任意後見制度とは、本人に判断能力があるとき(頭がしっかりしているとき)に、誰を代理人にして、どんなことを委任するかを決めて、公正証書によって契約し、本人の判断能力が低下してきたときに、家庭裁判所が任意後見人を監督する任意後見監督人を選任したときからスタートする制度です。
代理人について
代理人とは、任意後見契約の受任者であり、任意後見人といいます。誰を代理人にするかは、本人が決めます。本人が信頼できる家族(配偶者、子、親戚など)や専門家(弁護士、司法書士、社会福祉士、行政書士など)に依頼することができます。法人を任意後見人に選任することもできます。
委任の内容
どんな事務を委任するかは本人が決めます。自己の生活、療養看護、財産管理に関する事務など代理権目録を作成します。
公正証書で契約
任意後見契約は、本人と代理人候補者が公証人役場に行き、公証人が公正証書で任意後見契約書を作成します。
任意後見契約書を作成されると、公証人は法務局に任意後見契約の登記を嘱託しますので、後見登記等ファイルに任意後見契約の内容が登記されます。
任意後見の開始
任意後見契約をスタートさせるには、家庭裁判所に対し、任意後見監督人選任の申立てをします。
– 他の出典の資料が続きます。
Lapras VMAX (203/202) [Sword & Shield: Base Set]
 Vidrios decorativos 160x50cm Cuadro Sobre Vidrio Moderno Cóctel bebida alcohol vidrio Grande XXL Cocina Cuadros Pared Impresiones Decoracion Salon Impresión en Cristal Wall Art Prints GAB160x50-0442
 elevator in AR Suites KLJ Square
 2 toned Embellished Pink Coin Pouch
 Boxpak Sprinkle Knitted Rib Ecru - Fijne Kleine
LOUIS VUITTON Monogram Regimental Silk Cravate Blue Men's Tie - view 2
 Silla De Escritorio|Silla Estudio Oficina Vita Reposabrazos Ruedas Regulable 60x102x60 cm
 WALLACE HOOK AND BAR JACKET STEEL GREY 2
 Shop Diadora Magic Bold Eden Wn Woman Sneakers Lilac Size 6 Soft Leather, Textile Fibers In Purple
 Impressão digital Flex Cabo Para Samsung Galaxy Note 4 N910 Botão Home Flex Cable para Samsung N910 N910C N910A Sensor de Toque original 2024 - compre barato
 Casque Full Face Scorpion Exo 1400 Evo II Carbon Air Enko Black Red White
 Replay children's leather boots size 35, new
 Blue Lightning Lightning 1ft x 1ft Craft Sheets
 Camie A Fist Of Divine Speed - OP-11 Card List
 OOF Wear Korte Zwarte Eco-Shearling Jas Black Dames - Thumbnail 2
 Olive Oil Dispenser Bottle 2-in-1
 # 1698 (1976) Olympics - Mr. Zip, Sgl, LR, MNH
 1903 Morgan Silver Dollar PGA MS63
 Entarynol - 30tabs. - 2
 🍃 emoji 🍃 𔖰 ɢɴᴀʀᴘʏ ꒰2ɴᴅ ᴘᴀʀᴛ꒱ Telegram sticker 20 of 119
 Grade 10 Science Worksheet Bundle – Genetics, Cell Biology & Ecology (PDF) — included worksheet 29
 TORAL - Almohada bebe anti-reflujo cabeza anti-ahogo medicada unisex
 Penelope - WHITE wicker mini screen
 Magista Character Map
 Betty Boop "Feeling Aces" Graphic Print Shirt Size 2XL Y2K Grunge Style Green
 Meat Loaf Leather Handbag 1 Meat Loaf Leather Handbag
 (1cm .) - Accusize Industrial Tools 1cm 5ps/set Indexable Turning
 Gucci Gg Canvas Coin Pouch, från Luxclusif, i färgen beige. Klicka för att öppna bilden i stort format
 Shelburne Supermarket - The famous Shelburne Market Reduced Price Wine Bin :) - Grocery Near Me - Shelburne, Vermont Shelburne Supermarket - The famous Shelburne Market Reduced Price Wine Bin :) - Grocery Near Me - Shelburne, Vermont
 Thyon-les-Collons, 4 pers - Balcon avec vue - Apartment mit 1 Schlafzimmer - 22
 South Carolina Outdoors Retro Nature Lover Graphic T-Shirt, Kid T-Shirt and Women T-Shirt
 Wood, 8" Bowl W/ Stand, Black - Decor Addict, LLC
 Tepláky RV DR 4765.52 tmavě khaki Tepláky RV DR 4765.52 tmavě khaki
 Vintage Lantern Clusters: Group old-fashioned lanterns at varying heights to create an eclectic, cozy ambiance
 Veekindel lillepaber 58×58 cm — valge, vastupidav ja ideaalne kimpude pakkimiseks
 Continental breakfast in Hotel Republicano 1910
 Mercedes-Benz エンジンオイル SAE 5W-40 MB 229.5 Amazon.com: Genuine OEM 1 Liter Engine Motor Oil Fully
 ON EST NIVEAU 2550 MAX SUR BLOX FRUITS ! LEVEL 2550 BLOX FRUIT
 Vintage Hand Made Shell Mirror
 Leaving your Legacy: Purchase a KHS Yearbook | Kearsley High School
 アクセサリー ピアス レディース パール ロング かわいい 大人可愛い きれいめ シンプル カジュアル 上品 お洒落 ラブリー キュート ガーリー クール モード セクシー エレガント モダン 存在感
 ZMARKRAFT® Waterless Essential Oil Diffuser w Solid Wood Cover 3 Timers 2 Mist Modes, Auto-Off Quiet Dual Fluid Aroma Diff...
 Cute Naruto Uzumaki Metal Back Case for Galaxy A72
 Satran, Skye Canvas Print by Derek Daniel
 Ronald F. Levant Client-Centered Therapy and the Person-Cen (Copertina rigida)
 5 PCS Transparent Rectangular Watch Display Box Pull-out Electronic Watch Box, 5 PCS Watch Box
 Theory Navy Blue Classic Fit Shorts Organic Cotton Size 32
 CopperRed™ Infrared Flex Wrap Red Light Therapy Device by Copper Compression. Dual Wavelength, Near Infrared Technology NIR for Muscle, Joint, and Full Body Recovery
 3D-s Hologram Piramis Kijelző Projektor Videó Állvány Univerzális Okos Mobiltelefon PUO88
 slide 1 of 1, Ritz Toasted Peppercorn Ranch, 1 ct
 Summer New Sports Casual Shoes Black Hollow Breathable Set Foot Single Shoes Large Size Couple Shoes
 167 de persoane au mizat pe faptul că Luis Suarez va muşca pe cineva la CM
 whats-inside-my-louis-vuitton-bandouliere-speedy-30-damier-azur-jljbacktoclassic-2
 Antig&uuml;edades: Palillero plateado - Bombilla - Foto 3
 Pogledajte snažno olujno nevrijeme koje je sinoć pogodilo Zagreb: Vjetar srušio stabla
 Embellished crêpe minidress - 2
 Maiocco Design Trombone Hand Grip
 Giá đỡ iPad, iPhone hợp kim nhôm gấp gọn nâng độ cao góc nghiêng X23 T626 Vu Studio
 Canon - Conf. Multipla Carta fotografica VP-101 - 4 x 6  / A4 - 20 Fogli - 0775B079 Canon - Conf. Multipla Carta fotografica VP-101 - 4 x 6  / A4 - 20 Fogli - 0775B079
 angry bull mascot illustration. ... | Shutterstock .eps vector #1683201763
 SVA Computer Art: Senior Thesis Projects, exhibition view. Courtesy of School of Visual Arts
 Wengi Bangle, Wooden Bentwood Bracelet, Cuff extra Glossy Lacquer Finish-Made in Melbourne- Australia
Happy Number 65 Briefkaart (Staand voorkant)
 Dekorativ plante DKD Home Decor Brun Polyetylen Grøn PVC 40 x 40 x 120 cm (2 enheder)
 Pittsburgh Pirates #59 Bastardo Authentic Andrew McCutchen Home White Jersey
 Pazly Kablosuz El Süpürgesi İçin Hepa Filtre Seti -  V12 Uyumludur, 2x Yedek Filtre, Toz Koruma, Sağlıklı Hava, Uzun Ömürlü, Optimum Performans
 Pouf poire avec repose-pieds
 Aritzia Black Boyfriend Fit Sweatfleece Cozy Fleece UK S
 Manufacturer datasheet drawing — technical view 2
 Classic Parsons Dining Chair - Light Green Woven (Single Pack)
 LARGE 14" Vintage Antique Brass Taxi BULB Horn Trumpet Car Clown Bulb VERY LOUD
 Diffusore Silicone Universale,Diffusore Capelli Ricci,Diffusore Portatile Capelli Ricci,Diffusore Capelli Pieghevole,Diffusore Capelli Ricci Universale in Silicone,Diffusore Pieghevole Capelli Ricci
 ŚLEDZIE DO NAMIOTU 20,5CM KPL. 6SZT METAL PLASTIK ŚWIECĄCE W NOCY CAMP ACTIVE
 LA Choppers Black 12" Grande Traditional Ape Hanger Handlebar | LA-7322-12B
本人の判断能力が不十分なときは、本人、配偶者、四親等内の親族、または任意後見受任者が家庭裁判所に申立てます。家庭裁判所が任意後見監督人を選任して、任意後見契約がスタートします。
さいごに
任意後見は、遺言と同様に、本人の判断能力が十分なうちに本人の意思で財産管理や財産分割をきめておくものです。違いは、生前のことは任意後見であり、死後は遺言でということです。遺言作成や死後事務委任との併用も有効です。